# Required work:
Please take the records that follow and repeat exactly the lines starting with the line with "Villa Valasia Kos Exteriér fotografie" and going on through the line with "高性能液压动力源-Bucher油泵 - 提高产品生产效率(图2) 高性能液压动力源-Bucher油泵".

# Excerpts from a dataset:
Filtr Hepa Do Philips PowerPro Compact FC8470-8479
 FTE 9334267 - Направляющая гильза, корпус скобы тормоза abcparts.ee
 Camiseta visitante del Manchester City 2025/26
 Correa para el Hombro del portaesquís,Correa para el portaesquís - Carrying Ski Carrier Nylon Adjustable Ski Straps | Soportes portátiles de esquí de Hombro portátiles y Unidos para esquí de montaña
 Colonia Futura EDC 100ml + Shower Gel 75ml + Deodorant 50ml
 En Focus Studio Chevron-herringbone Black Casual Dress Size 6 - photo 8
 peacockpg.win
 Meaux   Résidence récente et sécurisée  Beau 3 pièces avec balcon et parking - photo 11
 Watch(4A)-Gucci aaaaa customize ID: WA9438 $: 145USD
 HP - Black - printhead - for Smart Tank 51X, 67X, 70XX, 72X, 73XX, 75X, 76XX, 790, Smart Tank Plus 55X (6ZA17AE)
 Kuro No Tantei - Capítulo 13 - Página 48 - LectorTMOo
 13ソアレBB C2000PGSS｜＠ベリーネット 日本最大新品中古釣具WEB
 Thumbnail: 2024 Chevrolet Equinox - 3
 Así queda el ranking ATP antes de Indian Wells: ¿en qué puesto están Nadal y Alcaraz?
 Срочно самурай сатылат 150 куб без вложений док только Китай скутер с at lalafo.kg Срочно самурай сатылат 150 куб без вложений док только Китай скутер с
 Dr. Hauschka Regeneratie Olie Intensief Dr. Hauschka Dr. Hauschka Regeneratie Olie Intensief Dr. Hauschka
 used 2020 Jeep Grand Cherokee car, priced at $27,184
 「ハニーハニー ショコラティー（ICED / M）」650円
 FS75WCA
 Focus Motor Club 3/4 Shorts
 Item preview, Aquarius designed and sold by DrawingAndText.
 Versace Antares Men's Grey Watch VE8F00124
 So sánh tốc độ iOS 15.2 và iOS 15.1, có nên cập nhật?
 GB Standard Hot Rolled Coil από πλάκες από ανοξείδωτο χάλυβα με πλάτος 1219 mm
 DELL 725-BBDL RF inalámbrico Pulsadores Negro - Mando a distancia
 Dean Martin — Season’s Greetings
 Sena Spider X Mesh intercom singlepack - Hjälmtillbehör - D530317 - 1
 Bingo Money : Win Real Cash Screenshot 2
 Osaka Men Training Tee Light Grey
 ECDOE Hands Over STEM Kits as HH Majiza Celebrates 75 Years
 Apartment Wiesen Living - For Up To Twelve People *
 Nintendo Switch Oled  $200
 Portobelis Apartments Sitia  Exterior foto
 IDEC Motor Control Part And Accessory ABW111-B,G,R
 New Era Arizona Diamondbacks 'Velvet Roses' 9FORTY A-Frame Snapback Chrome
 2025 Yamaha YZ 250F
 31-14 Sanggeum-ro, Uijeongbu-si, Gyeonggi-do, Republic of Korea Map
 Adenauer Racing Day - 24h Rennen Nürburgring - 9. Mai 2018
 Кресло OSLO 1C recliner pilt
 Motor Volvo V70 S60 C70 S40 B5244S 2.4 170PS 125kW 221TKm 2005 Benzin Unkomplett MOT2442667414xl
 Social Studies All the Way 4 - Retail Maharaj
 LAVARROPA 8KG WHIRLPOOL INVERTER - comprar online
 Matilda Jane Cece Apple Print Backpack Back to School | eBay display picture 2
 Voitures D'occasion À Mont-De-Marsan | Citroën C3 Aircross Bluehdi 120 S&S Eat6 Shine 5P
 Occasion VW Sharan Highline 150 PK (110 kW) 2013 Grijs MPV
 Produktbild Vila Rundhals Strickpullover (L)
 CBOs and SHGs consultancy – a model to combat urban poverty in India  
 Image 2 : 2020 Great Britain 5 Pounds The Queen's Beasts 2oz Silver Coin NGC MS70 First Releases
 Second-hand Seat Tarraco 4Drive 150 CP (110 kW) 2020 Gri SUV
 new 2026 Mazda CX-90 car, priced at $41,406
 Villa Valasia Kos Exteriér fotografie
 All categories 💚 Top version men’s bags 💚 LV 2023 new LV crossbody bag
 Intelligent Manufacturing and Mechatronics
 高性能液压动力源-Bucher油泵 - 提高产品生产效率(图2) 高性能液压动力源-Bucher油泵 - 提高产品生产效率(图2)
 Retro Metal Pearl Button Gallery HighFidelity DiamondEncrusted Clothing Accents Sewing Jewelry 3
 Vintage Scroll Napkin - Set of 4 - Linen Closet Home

# Answer below:
 Villa Valasia Kos Exteriér fotografie
 All categories 💚 Top version men’s bags 💚 LV 2023 new LV crossbody bag
 Intelligent Manufacturing and Mechatronics
 高性能液压动力源-Bucher油泵 - 提高产品生产效率(图2) 高性能液压动力源-Bucher油泵 - 提高产品生产效率(图2)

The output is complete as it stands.